Even the parallel of how (in the movie), one of the Amish mothers became friends with a reporter covering the story. That really comforted me. I have seen so many compassionate hearts over the last two years, many of them reporters (despite what their reputation is sometimes). I am proud to call some of the most incredible reporters my friends now too. There are some stories that I guess they just can't tell without it affecting them personally.
The story was a national tragedy, but the thing that made it stand out was that the Amish mothers and fathers of the children killed actually went to the wife of the murderer (he took his own life after shooting the children) and told her they forgive him.
She had so much guilt, almost disgust with herself...so much shame and disgrace. She could not fathom how these people could offer her their hand of peace and love after what her husband did. They had children of their own. The Amish people responded to her with a line that I have been sharing a lot. My new favorite line.
"Forgiveness comes without condition, or it doesn't come at all."
A lot of people can say they'll forgive someone if they feel remorse or somehow "make it up to them." But these people asked no questions, and immediately forgave, because that is what we are called to do.
I believe anything is forgivable. Anything is forgivable. Anything.
If I didn't, my faith and my morals would be a joke. I'd love to make a list of forgivable things vs. non forgivable things:
Forgivable: little white lies, being late for a date, jaywalking, speeding, not showering every day
Not forgivable: big (black?) lies, being late for yoga,
naked jaywalking, the creation of crickets, (God and I WILL talk over this one some day) and improper use of the spellings of "they're, their and there"

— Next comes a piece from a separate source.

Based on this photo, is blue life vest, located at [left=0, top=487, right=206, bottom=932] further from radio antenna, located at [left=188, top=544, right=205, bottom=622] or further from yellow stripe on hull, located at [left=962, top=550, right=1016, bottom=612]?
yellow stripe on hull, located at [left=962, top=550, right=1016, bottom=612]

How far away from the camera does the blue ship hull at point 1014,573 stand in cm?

THEY'RE going to dinner. It is THEIR turn to pay for dinner. We are having dinner over THERE. Okay, clearly a ridiculous pet peeve of mine.

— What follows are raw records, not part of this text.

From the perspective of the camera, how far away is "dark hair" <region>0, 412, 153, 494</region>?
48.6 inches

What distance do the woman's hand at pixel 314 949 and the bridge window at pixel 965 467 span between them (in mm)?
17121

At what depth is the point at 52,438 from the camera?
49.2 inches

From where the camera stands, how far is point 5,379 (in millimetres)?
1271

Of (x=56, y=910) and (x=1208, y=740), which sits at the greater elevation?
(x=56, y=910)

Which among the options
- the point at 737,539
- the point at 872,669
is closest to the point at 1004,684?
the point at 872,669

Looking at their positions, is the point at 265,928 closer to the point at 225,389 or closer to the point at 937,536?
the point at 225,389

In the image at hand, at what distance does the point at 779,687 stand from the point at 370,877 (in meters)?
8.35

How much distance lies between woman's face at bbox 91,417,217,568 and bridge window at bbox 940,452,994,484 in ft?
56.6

The movie just continued with beautiful words.
"When we do not seek vengeance for our pain and we open our hearts to the healing light of forgiveness, the darkness is banished, and evil is no more."

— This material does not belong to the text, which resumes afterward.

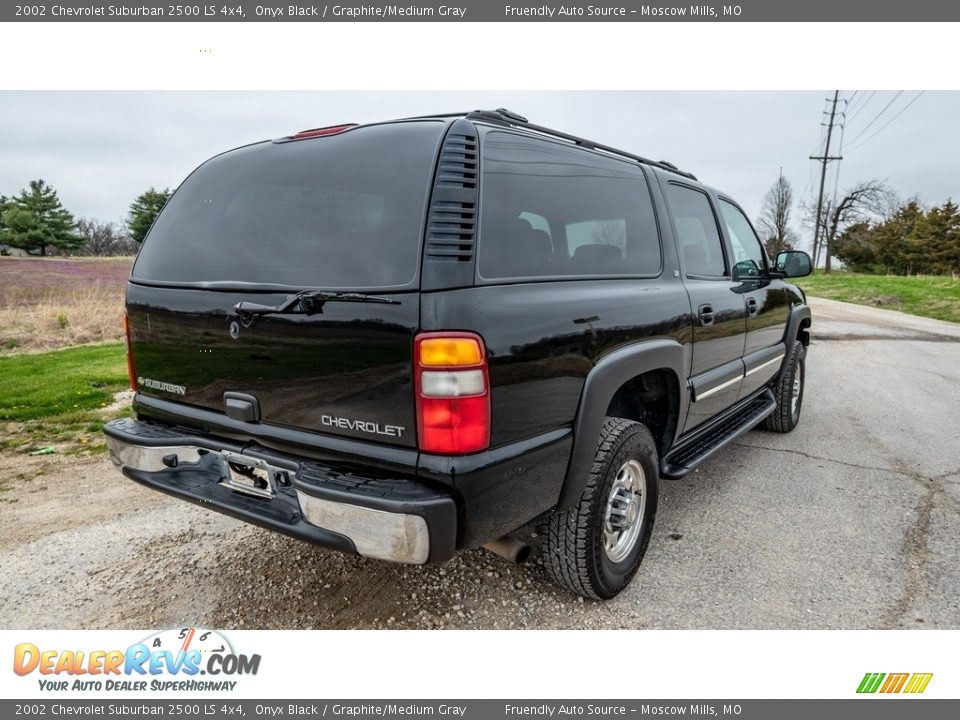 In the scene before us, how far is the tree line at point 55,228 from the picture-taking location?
1638 inches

"Hate is a very big, very hungry thing with lots of sharp teeth" (father speaking to his daughter about her sister who was killed in the shooting) "It will eat up your whole heart and leave no room left for love."
I really like that one, because I feel like it's so true. When I get consumed with swearing in traffic and resentment of family situations and a woe-is-me sort of attitude, there really is not much room left for snuggles and happiness, especially when it is so important in the limited time I have with my kids now.
I forgive easily, so I suppose I'm not really a saint, as I've been blessed with this sort of ease as part of my makeup that I don't really work hard for (in
almost every situation. I must disclose).
I'm even learning to forgive myself a little more. Maybe I do have a little bit of that Amish grace in me. I love
their way of thinking up
there in the north.
They're amazing people to learn from.